- _DATA PROVIDED_:
"""

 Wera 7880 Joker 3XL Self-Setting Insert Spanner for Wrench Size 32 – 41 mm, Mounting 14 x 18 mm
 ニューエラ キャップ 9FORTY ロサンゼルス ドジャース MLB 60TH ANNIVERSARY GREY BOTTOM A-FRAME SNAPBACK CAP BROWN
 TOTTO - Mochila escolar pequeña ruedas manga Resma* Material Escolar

"""

- _WHAT YOU ARE ASKED TO DO_: Print the full listing, word for word.

- _EXERCISE OUTPUT_:
 Wera 7880 Joker 3XL Self-Setting Insert Spanner for Wrench Size 32 – 41 mm, Mounting 14 x 18 mm
 ニューエラ キャップ 9FORTY ロサンゼルス ドジャース MLB 60TH ANNIVERSARY GREY BOTTOM A-FRAME SNAPBACK CAP BROWN
 TOTTO - Mochila escolar pequeña ruedas manga Resma* Material Escolar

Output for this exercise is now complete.